Stephen Hawking’s Wheelchair and Thesis Fetch More Than $1 Million at Auction

Stephen Hawking’s Wheelchair and Thesis Fetch More Than $1 Million at Auction


The final price for an old red wheelchair exceeded expectations at a Christie’s auction in London that ended on Thursday.

A mystery buyer spent about $390,000 on the wheelchair, a motorized model that had belonged to the physicist and author Stephen W. Hawking, who died in March at age 76. That is more than 15 times the pre-sale estimate made public by Christie’s.

It was among 22 items on offer from Dr. Hawking’s estate in an online auction that began on Oct. 31. All of those were sold, and the total, about $1.8 million, was seven times more than had been predicted.

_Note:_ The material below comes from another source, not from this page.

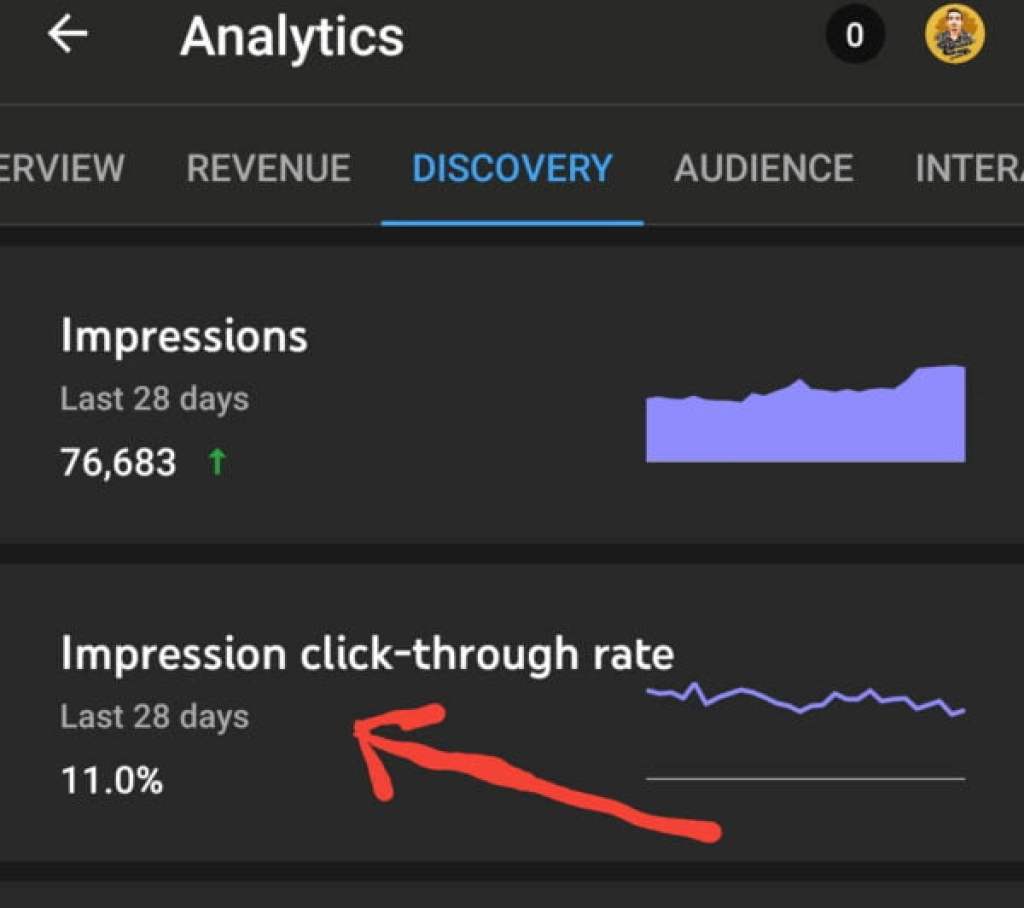 Increase YouTube Views by using these 5 Tips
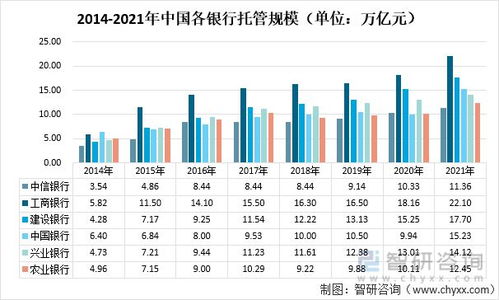 珠海服务器托管行业排名概览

“The results of this remarkable sale, with more than 400 registered bidders from 30 different countries, demonstrate the enormous admiration and affection with which Stephen Hawking was viewed around the world,” according to a statement from Thomas Venning, the head of books and manuscripts for Christie’s, and James Hyslop, the head of science and natural history.

Altogether, the items auctioned, which also included possessions of Sir Isaac Newton, Charles Darwin and Albert Einstein, were sold for more than $2.3 million.

The red wheelchair was used by Dr. Hawking during the late 1980s and early ’90s; he stopped using it when he could no longer steer it with his hands. The physicist spent most of his life steadily losing control over his muscles because of amyotrophic lateral sclerosis, or Lou Gehrig’s disease.

A bidder also spent more than $760,000 — more than double the expectation — on Dr. Hawking’s signed 1965 Ph.D. thesis, “Properties of Expanding Universes,” about the origins of time and space.